* _Data segment_
········

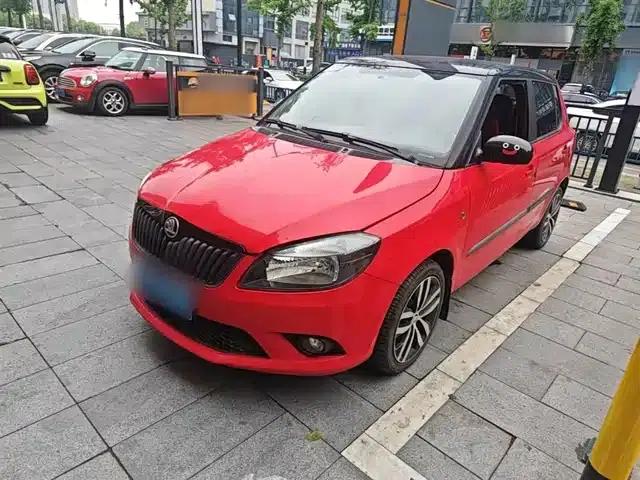 Fabia 2014 1.6L Automatic Sport Edition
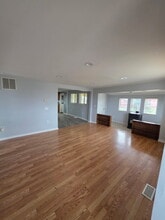 15707 Norman Rd in Yale, MI - Foto de edificio - Building Photo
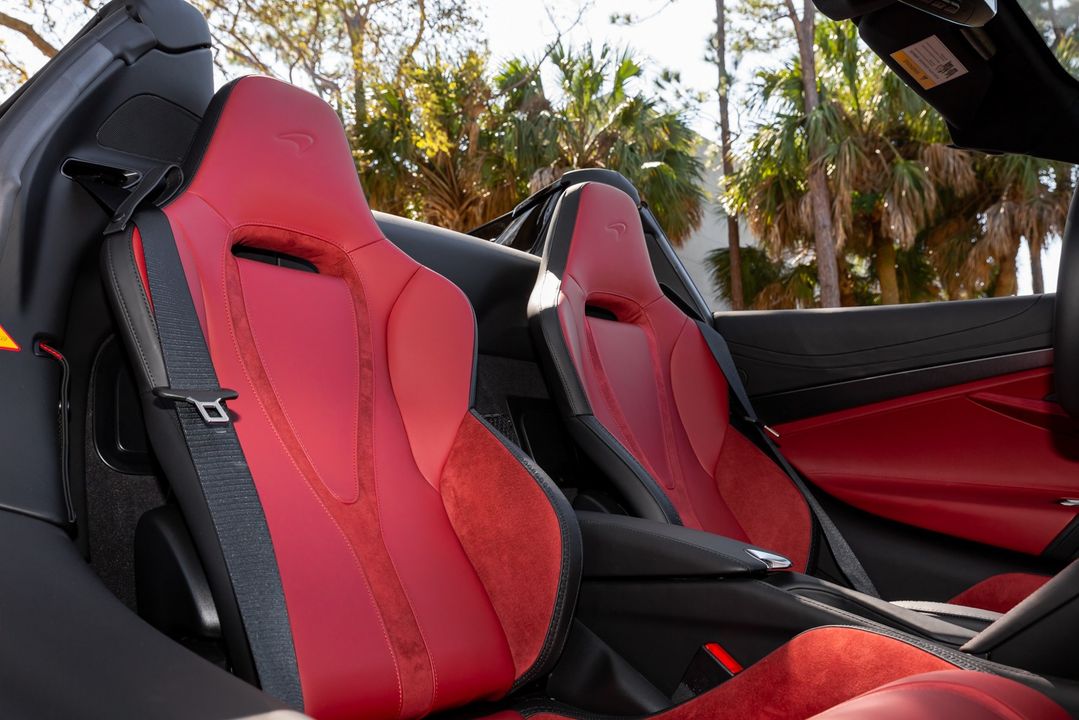 2024 McLaren 750S Spider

········

* _Task objective_
The entire listing is to be printed exactly, with each picture omitted.

* _Answer section_
 Fabia 2014 1.6L Automatic Sport Edition
 15707 Norman Rd in Yale, MI - Foto de edificio - Building Photo
 2024 McLaren 750S Spider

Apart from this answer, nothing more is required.